Стихотворная форма хранения и передачи знаний явно улучшает память. Рифма в древности не использовалась. Работал ритм и различные виды повторов вроде припевов. Ритмика, а значит, и определенная длина строф просто заставляют память работать, если ты забыл нужное слово. Неверное слово просто не принимается стихотворным размером, оно наглядно, явственно не то, что должно быть.

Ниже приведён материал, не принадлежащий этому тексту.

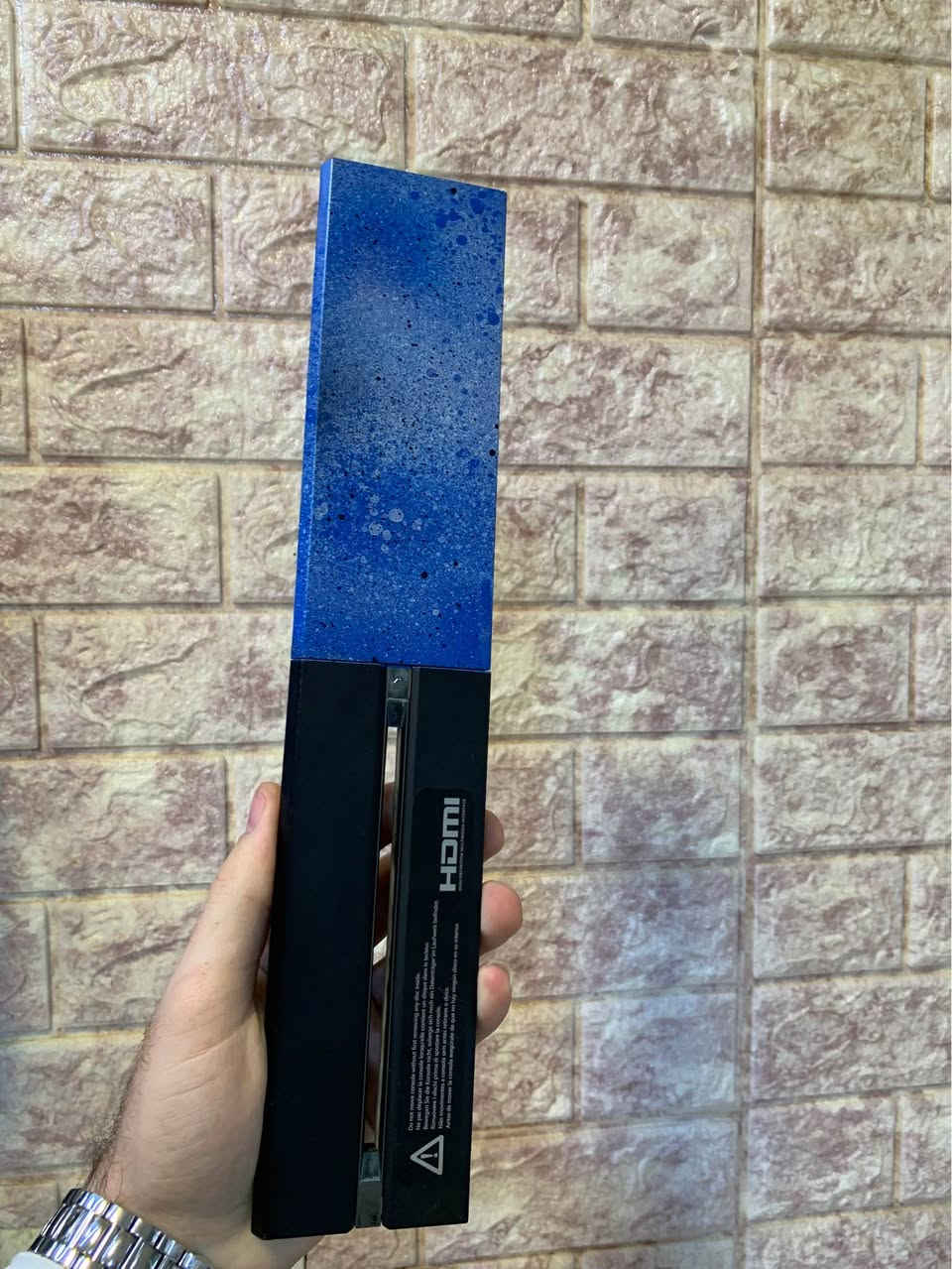 کۆماڵێک یاری زۆر تایبەت دابەزێنراوە فۆرزا5 ئەساسین میراج gta ویچەری 3 السليمانية, العراق


**إذا كنت صاحب هذا الإعلان وتريد حذفه لأي سبب، رجاءا أرسل رسالة إلى الدعم الفني**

Очевидно, этот прием может быть переосмыслен и для улучшения работы всего разума в особых случаях. Как и использование особых, тайных или магических языков. Такими языками владели не только воры и разбойники, но и все профессиональные сообщества. По крайней мере, этнография засвидетельствовала для нас наличие тайных языков у многих ремесленных сообществ, включая нищих и конокрадов. Но чем отличается тайный язык от обычного?
Во-первых, конечно, своей значимостью. Значимость – это некое качество, которое почти вещественно добавляется к слову, а точнее к тому образу, который стоит за словом. И это второе, мимо чего нельзя пройти, если хочешь обучить разум работать лучше. Научиться правильно выстраивать пространство думания, научиться придавать значимость тому, что для тебя важно. Это немалая работа при обучении. Но это того стоит.
Однако те же тайные языки подсказывают, что существует еще одно искусство. Тот же сказитель былин, тот же деревенский колдун в быту – самый обычный человек, как рассказывают об этом былички. Но стоит ему взять в руки гусли или приступить к заговору, как он меняется сам и начинает звучать иначе. Сохранившиеся записи былин и обрядовых песен, определенно, примеры особого звучания. Про заговоры же постоянно говорится, что они либо шептались, либо говорились особо, либо пропевались. Точно так же былины сохранили воспоминания о каком-то «зычном голосе», которым вскрикивают герои в особых случаях. Такой же особый голос прорезается у плачей на похоронах и у охотников и пастухов при воздействии на зверей и животных. Особый голос – это не владение голосом. Особый голос возникает сам, если меняется состояние сознания. И это очень важная психологическая подсказка: чтобы иметь тайный язык, нужно иметь особое пространство сознания, где он хранится. Это вещь довольно естественная. Многие слышали о том, что при попадании в чужую языковую среду сначала бывает очень трудно, а затем происходит какой-то переход, и ты вдруг осознаешь, что больше не переводишь иностранную речь, – ты ее просто понимаешь. Это и означает, что ты перешел в особое пространство, где больше нет своего родного языка, а есть только тот язык, на котором ты общаешься. И он там единственный.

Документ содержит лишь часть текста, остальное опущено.